The way stalls get into the news – and the way most members of the media screw up the references – is when a stall results in an accident that gets reported. As you can imagine, an accident could easily occur if you stalled an aircraft so close to the ground that you didn’t have enough altitude to recover. That’s doubly true for spins, because spins usually take something like a thousand feet in which to recover.
Reporters sometime report on an accident saying that the engine stalled when, in fact, the airplane was stalled all right, but the engine was going full tilt when the airplane interfaced with the planet. The actual event that the reporter misreported was probably an aerodynamic stall and/or spin in the pattern or on takeoff or landing. Reporters who get this wrong do aviation a disservice because each time they do it, they cause a few hundred more non-pilots to believe that general aviation aircraft are mechanically unreliable. When it was actually pilot error of some kind.
Hey, I know that pilot error doesn’t help pilot’s reputations much more, but I’d always rather that the cause be something that’s under a pilot’s control because those are things that other pilots can do something to avoid.
So if you’re a member of the media and someone tells you before you go on the air that an aviation accident involved a stall, inquire further and find out whether it was an aerodynamic stall.
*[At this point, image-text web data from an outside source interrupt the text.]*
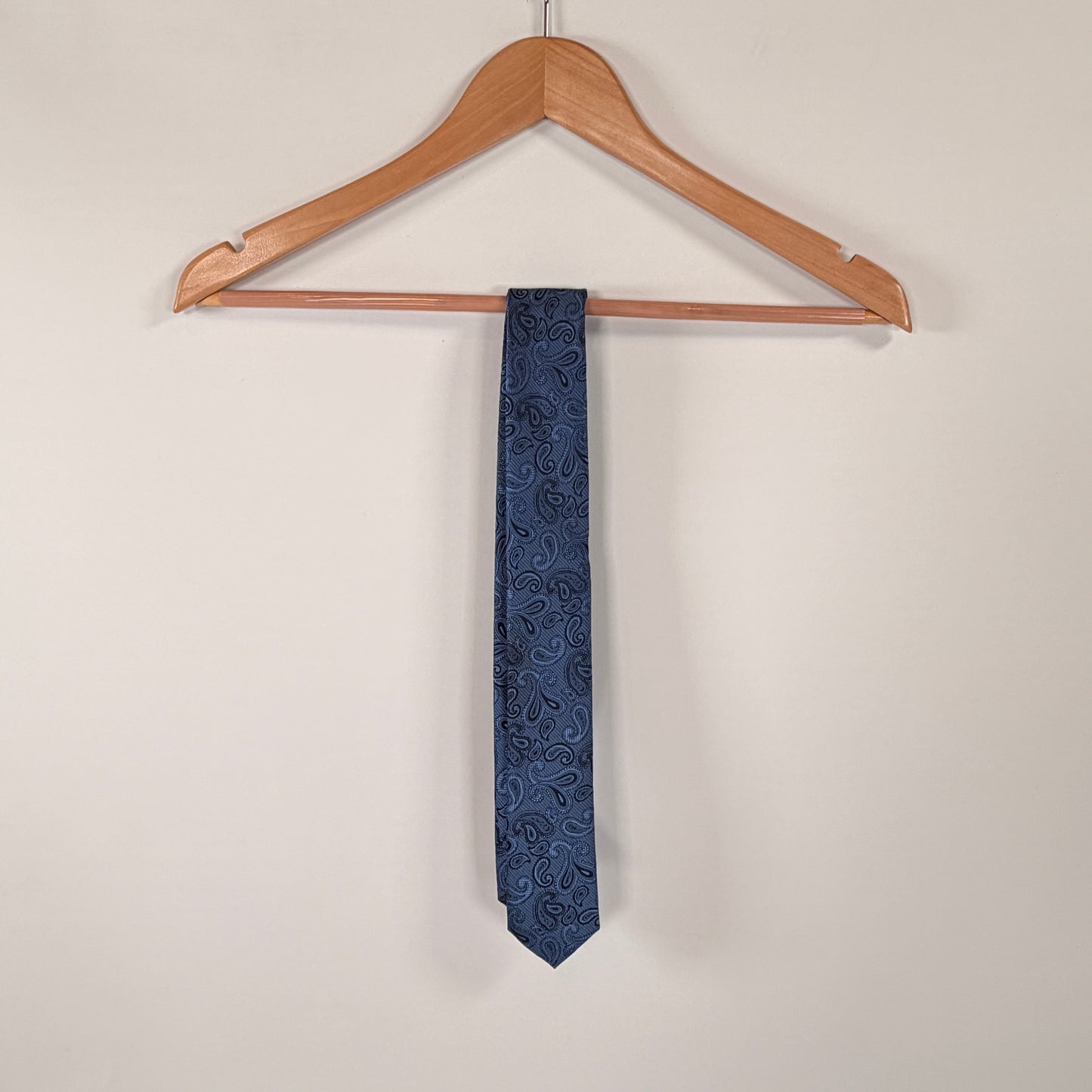 Blue paisley silk tie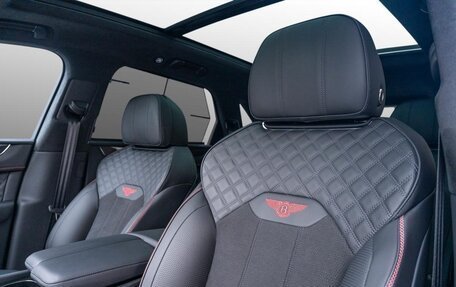 Bentley Bentayga I, 2024 год, 35 950 000 рублей, 12 фотография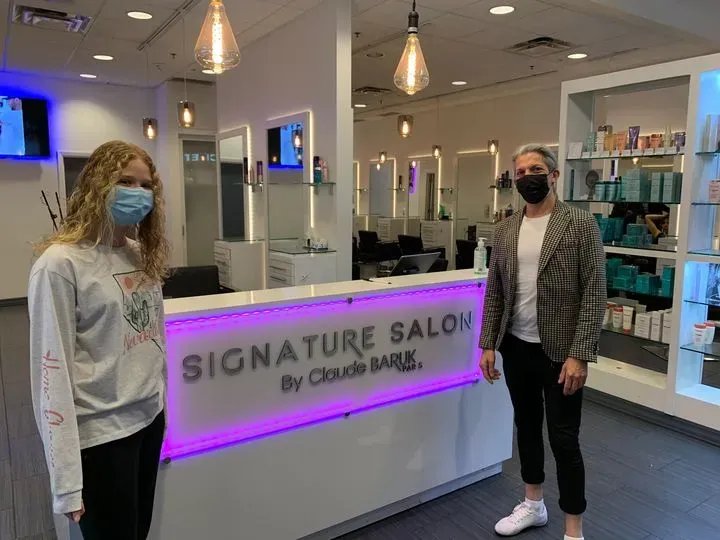 https://cdn.salonspotlight.com/photos/lXOR0ivPRYabC3C5DPYr/cdd7d999-fcbe-4ed5-9393-d6711bbb49fb_720x720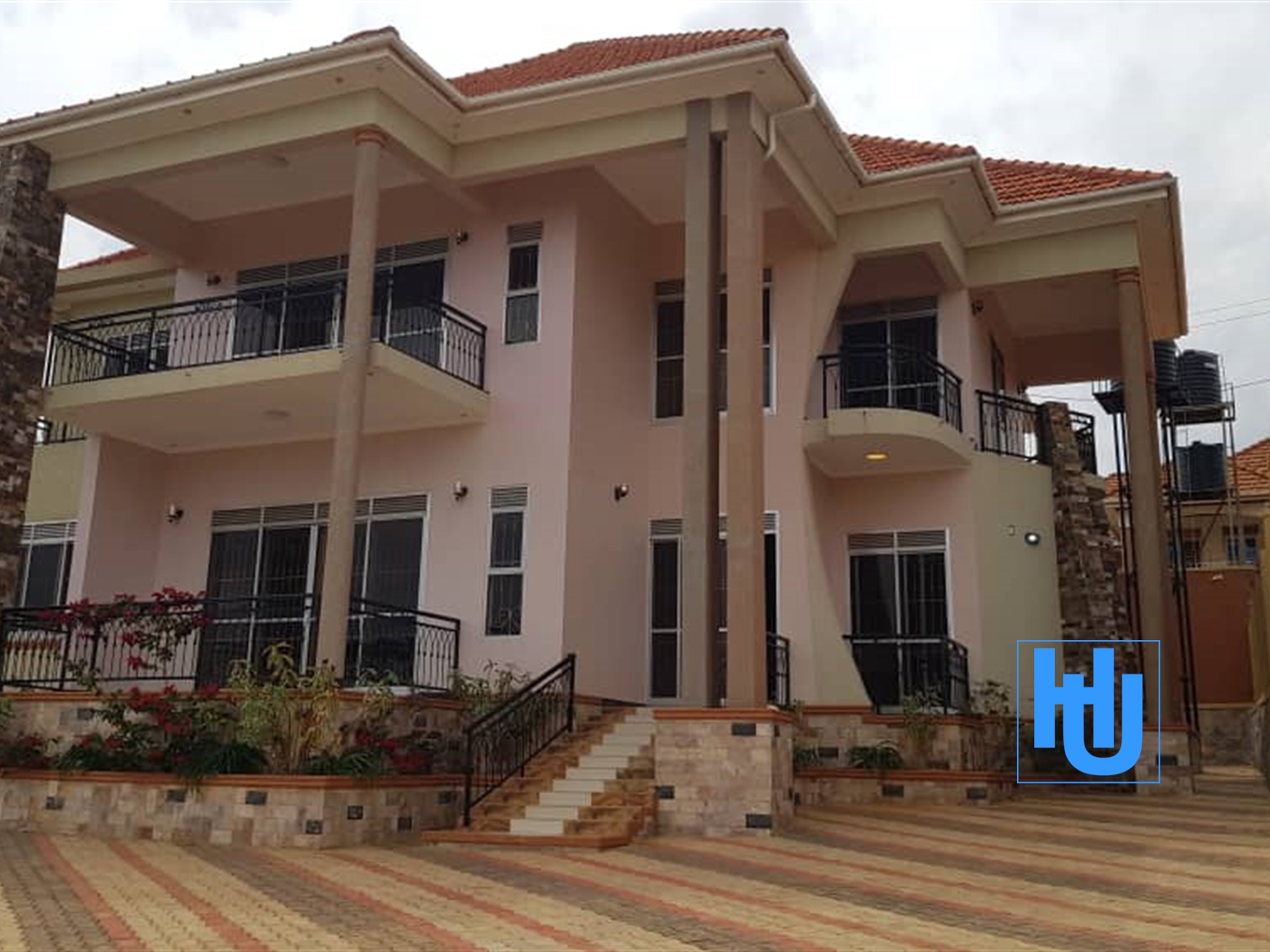 Mansion for sale in Bwebajja Wakiso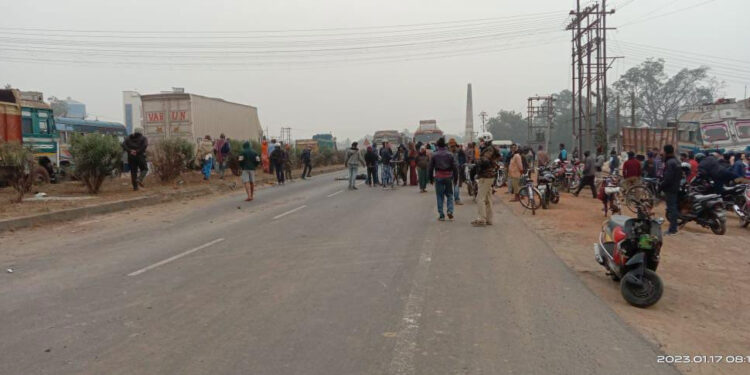 কলকাতা থেকে বর্ধমানে বিয়ে বাড়ি আসার পথে দুর্ঘটনায় মৃত ১ আহত ১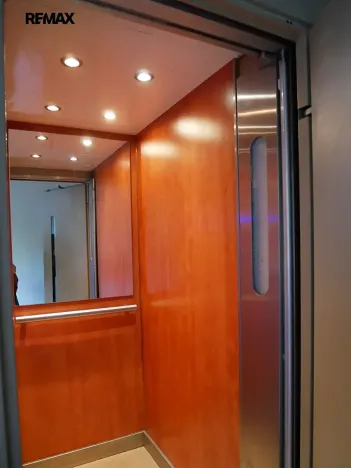 Prodej bytu 2+kk, Praha - Střížkov, Žandovská, 47 m2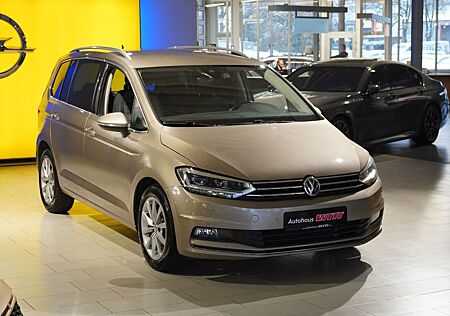 VW Touran Volkswagen Highl ~Massage~ACC~140Kw~Standhz~LED~Kam~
If your source is a pilot or an aviation official, chances are good that they won’t use the word “stall” unless it was an aerodynamic stall. If the engine quit, they’ll usually say that the engine quit. And if you ask them to clarify, you’ll be an instant Eninstein to them because you’ll have clued them in that you recognize the difference.
If you’re a pilot or aviation official with the solemn job of briefing reporters on an accident or incident involving an aerodynamic stall, please take the time to explain what an aerodynamic stall is and point out that it has little or nothing to do with the engine.
And if you’re a member of the non-flying public, recognize what aerodynamic stalls are – that they generally have nothing to do with a powerplant or any other function of an aircraft. And that pilots train long and hard to avoid situations in which stalls occur, recognize their onset, and be always ready to recover from the rare unexpected aerodynamic stall.
Aerodynamic stalls are vanishingly rare in everyday flight operations. Unless you’re a pilot who’s training or performing aerobatics, the odds are vanishingly small that you’re ever experience one – even if you fly commercially every day of the week and on weekends, too, your whole life. They just don’t happen much.
Stalls are a natural result of the behaviors of airfoils under certain extreme conditions. Aerobatic pilots put them to use in graceful and energetic performances around the world at airshows and other events. Student pilots train to recognize them and recover from them so that they can fly safely for decades to come.
So now you know the difference and you’re a better consumer of news and information. And you know more than 95% of the population about aerodynamics. Congratulate yourself!